**YOUR ASSIGNMENT:** Copy the listing exactly, leaving out every picture.

**SUPPLIED DATA:**

= Beginning of Section =

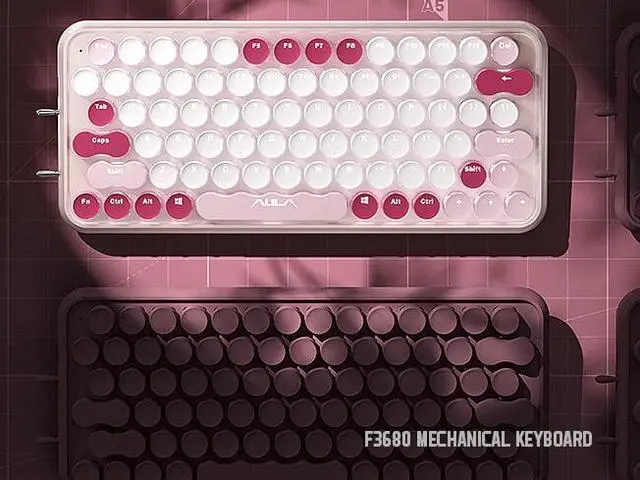 Alt view image 3 of 4 - AULA F3680 Retro Typewriter Mechanical Keyboard Three Mode COnnection Wireless Bluetooth Wired 79 Keys Keyboard For Gaming ,Office, Home, 1500mAh, Anti Ghosting Red Switch Red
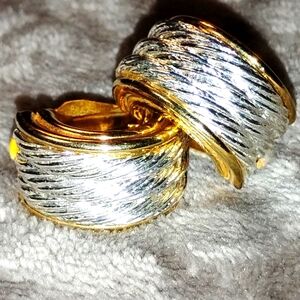 Vintage Givenchy Elegant Silver and Gold Tone Women's Clipon Hoop Chunky Earring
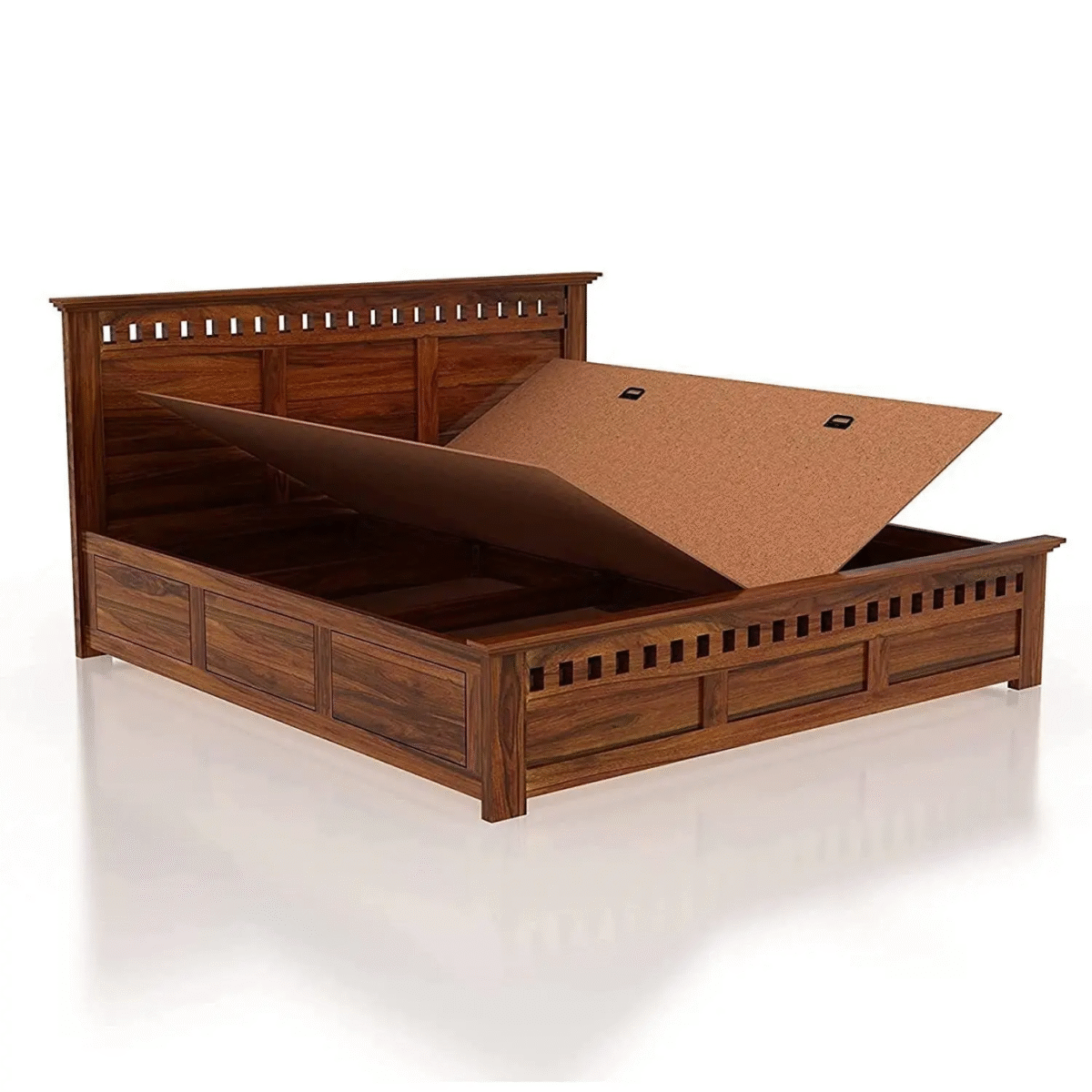 Modern Bed With Storage | Wooden Storage Bed in Sheesham Wood |  King/Queen Size | Wooden Headboard - Image 5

= End of Section =

**RESPONSE TO THE EXERCISE:**
 Alt view image 3 of 4 - AULA F3680 Retro Typewriter Mechanical Keyboard Three Mode COnnection Wireless Bluetooth Wired 79 Keys Keyboard For Gaming ,Office, Home, 1500mAh, Anti Ghosting Red Switch Red
 Vintage Givenchy Elegant Silver and Gold Tone Women's Clipon Hoop Chunky Earring
 Modern Bed With Storage | Wooden Storage Bed in Sheesham Wood |  King/Queen Size | Wooden Headboard - Image 5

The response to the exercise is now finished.